■ Given records ■
------------------------------------------------

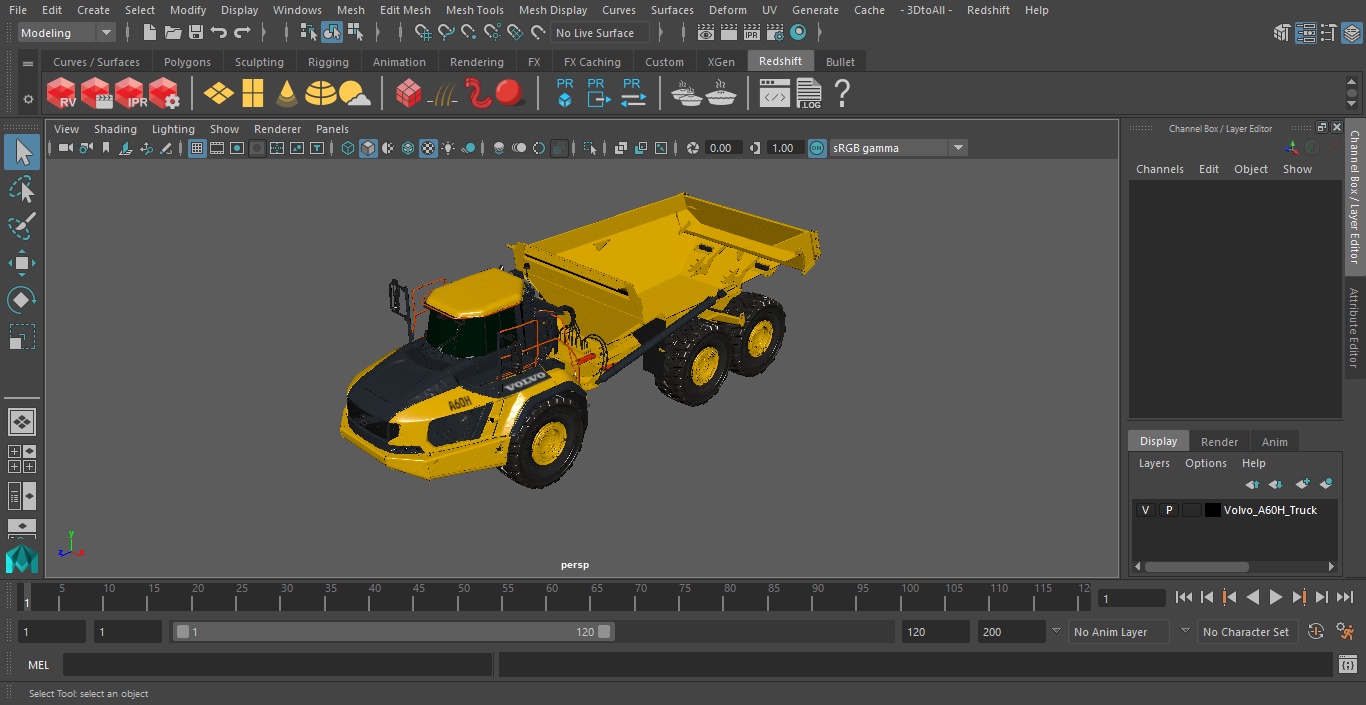 3D Volvo A60H Truck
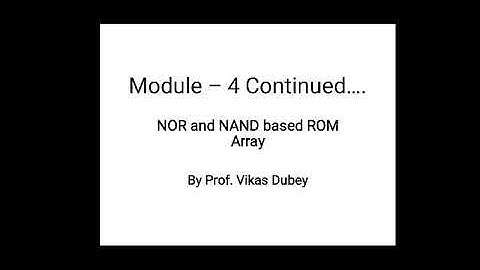 NAND and NOR based ROM array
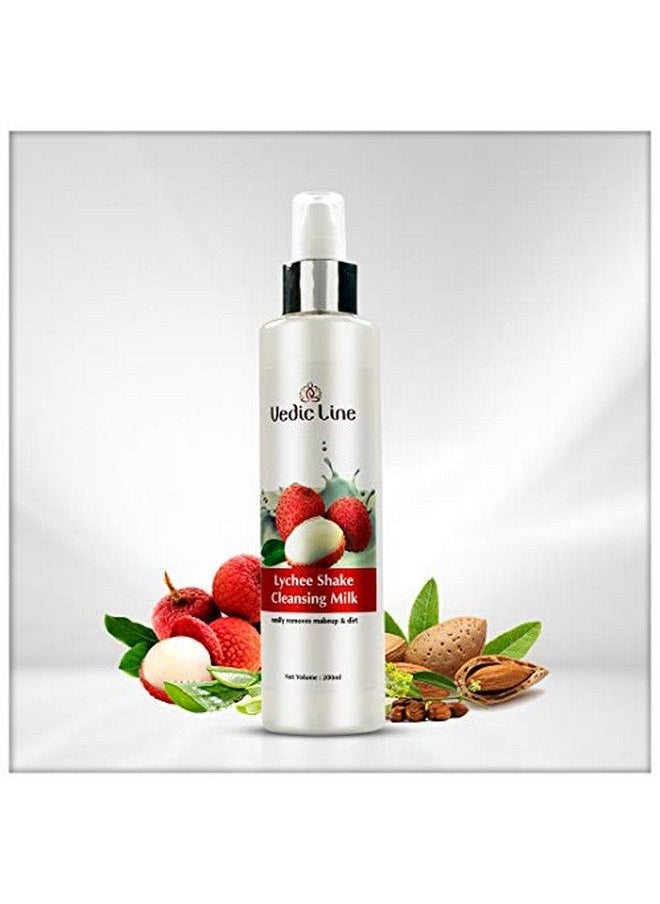 Vedicline - Lychee Shake Cleansing Milk Reduces Dust Dirt & Makeup With Goodness Of Lychee Extracts For Deeply Cleansed Face100Ml - Image 1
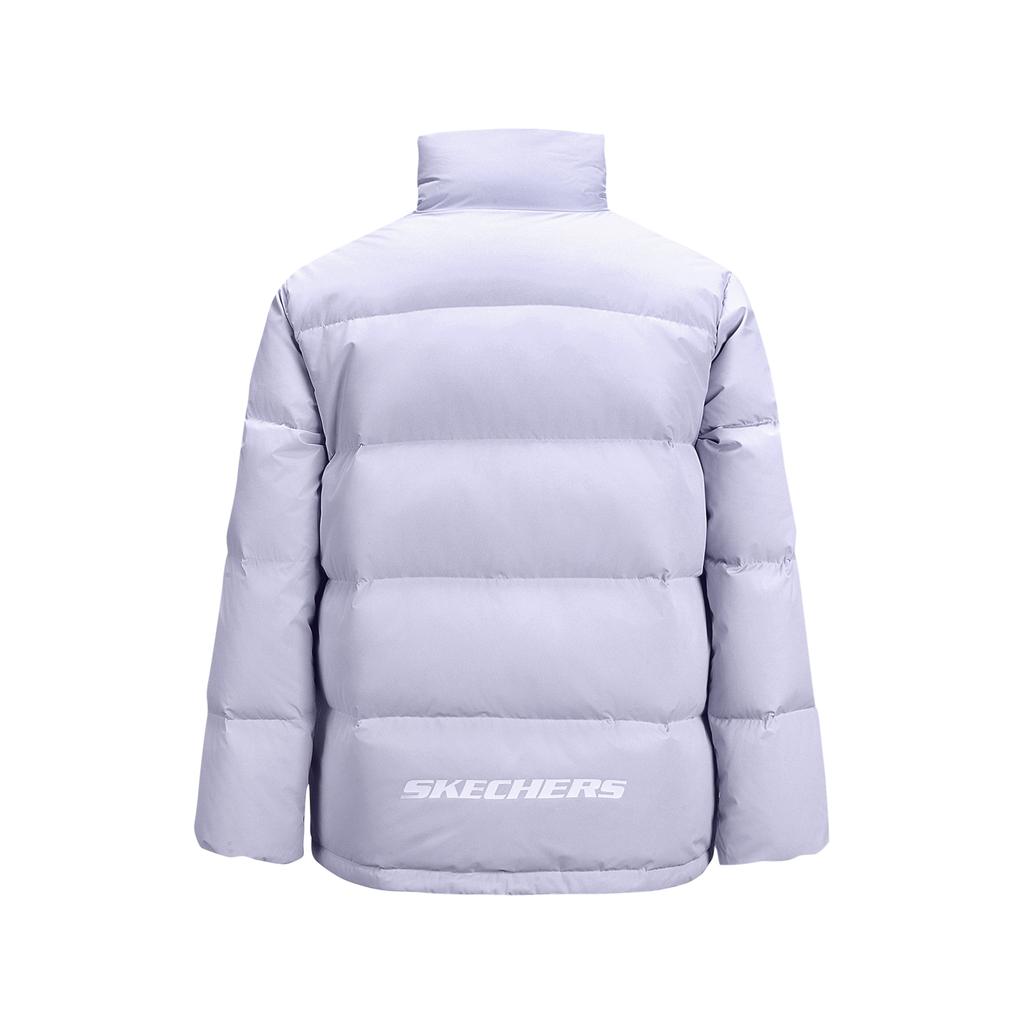 Skechers Teflon Three-Proof Short Down Jacket Unisex Outerwear Light-Purple L324U108-00FW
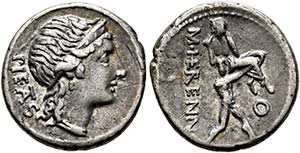 M. Herennius - Denarius (3,87g) 108/107 v. ... 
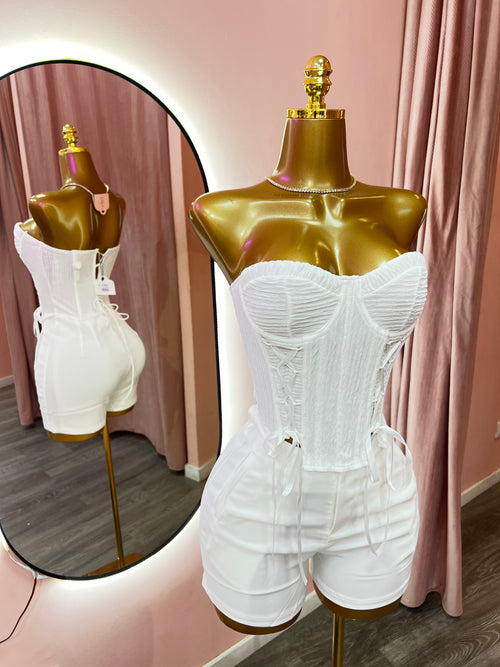 Corset Textura Blanco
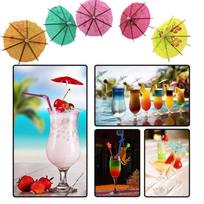 40 vnt. Popieriniai kokteilių skėčiai, vakarėlių, vestuvių reikmenys, luau gėrimų lazdelės 40Pcs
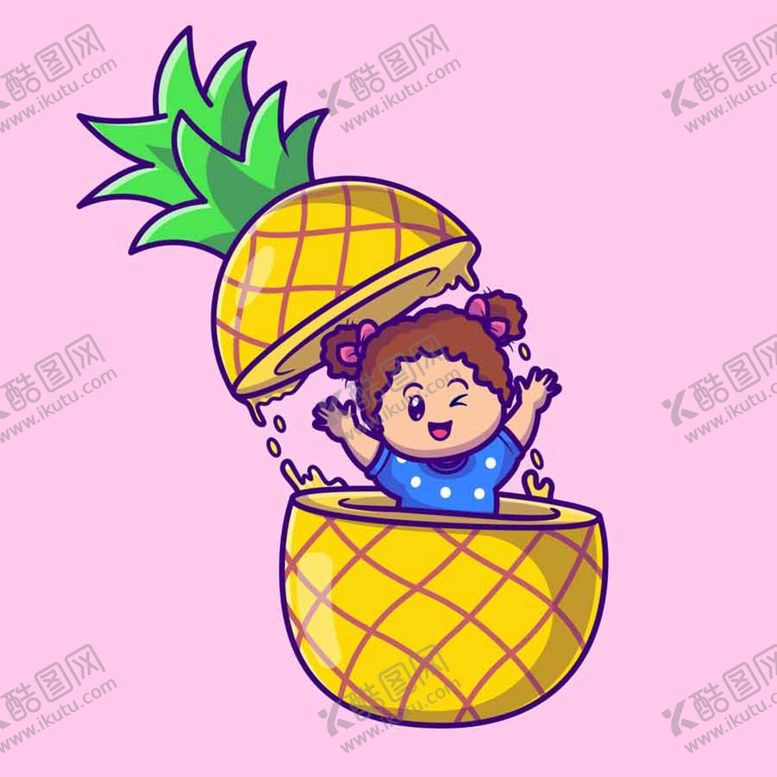 编号：75771501270033283792【酷图网】源文件下载-卡通女孩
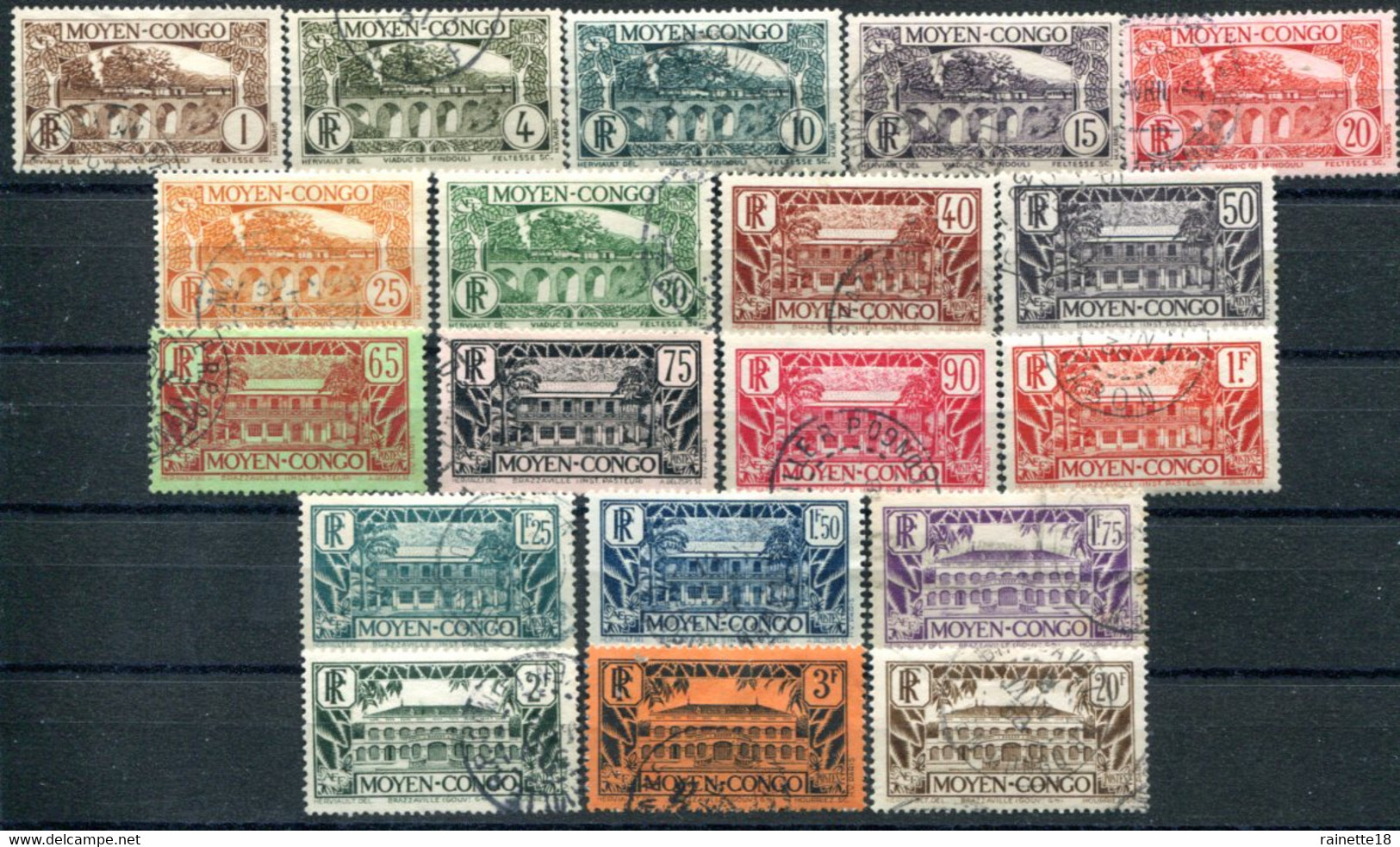 Congo               19 Valeurs De La Série 113/134   Oblitérés - Used Stamps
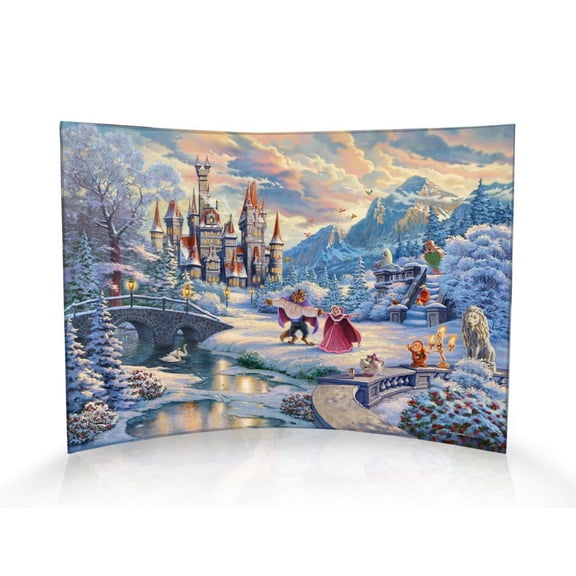 Disney (Beauty and the Beasts Winter Enchantment) 10" x 7" Curved Acrylic Print ACP1007CUR565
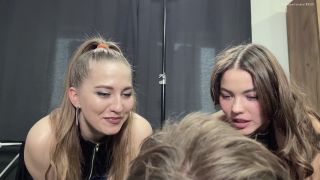 clip 10 bbw smoking fetish Wildcats – Princess Bertie And Rebecca – Spit In The Slaves Face And Laugh At Him, spit on fetish porn-5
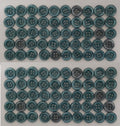 100 Vintage Buttons 4 Hole Shirt Shank Anchors Pearlesque Jade 10.8mm NOS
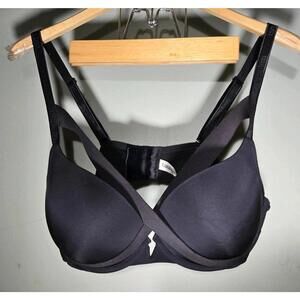 Torrid Curve Tara Lynn 42c Black Strappy Bra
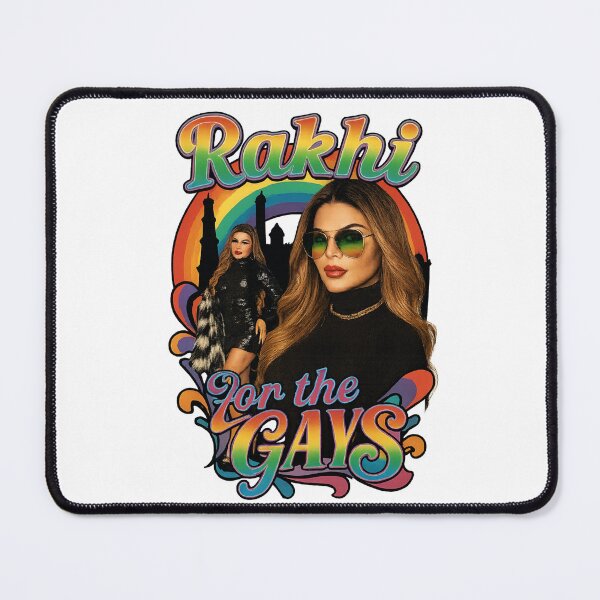 Item preview, Rakhi Sawant with Rainbow & Glam Styling designed and sold by Places On Earth.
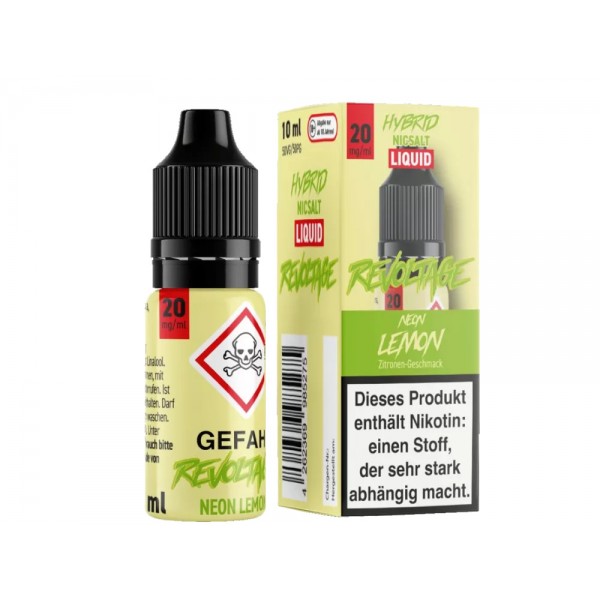 Neon Lemon 10ml Hybrid-Nikotinsalz Liquid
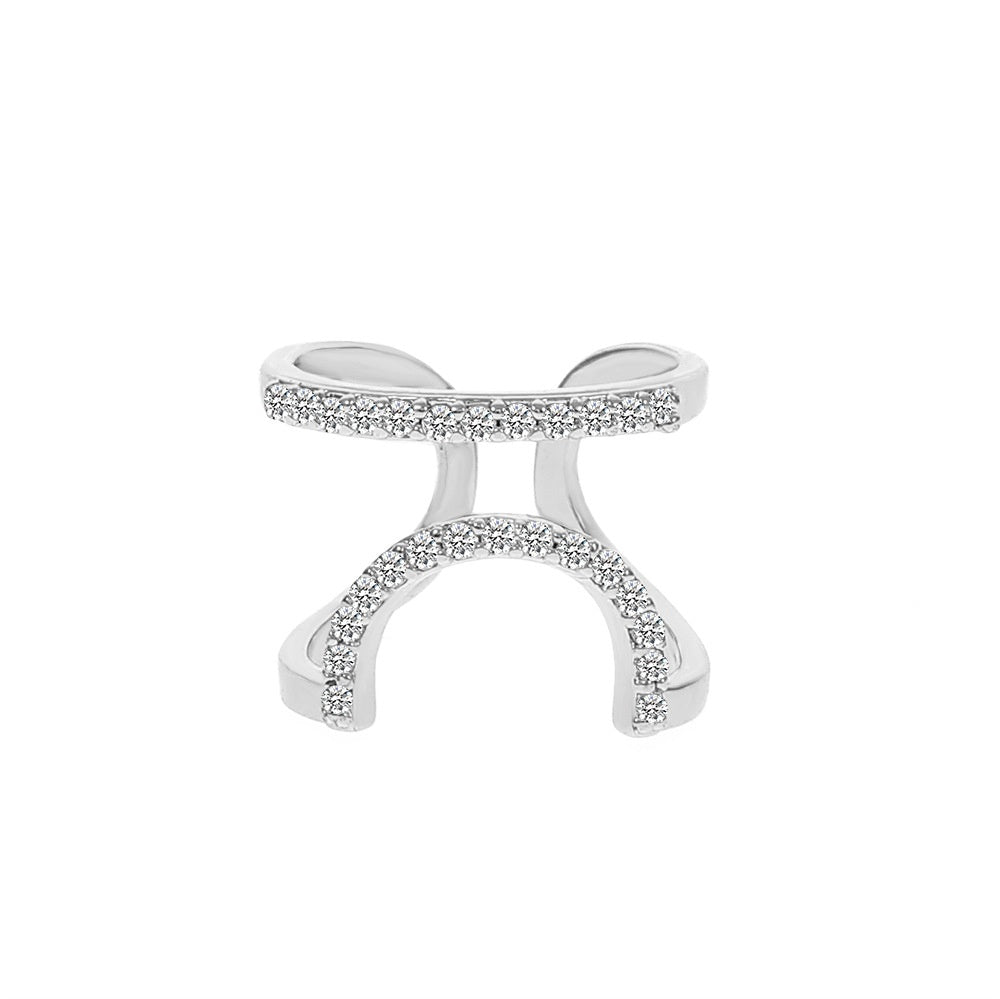 Removable Fake Nail Ring - Cross-border Zircon Inlaid Jewelry for Nail Art Women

------------------------------------------------

■ What is being asked ■
Your copy of the entries must be exact and must contain no pictures.

■ Solution to the problem ■
 3D Volvo A60H Truck
 NAND and NOR based ROM array
 Vedicline - Lychee Shake Cleansing Milk Reduces Dust Dirt & Makeup With Goodness Of Lychee Extracts For Deeply Cleansed Face100Ml - Image 1
 Skechers Teflon Three-Proof Short Down Jacket Unisex Outerwear Light-Purple L324U108-00FW
 M. Herennius - Denarius (3,87g) 108/107 v. ... 
 Corset Textura Blanco
 40 vnt. Popieriniai kokteilių skėčiai, vakarėlių, vestuvių reikmenys, luau gėrimų lazdelės 40Pcs
 编号：75771501270033283792【酷图网】源文件下载-卡通女孩
 Congo               19 Valeurs De La Série 113/134   Oblitérés - Used Stamps
 Disney (Beauty and the Beasts Winter Enchantment) 10" x 7" Curved Acrylic Print ACP1007CUR565
 clip 10 bbw smoking fetish Wildcats – Princess Bertie And Rebecca – Spit In The Slaves Face And Laugh At Him, spit on fetish porn-5
 100 Vintage Buttons 4 Hole Shirt Shank Anchors Pearlesque Jade 10.8mm NOS
 Torrid Curve Tara Lynn 42c Black Strappy Bra
 Item preview, Rakhi Sawant with Rainbow & Glam Styling designed and sold by Places On Earth.
 Neon Lemon 10ml Hybrid-Nikotinsalz Liquid
 Removable Fake Nail Ring - Cross-border Zircon Inlaid Jewelry for Nail Art Women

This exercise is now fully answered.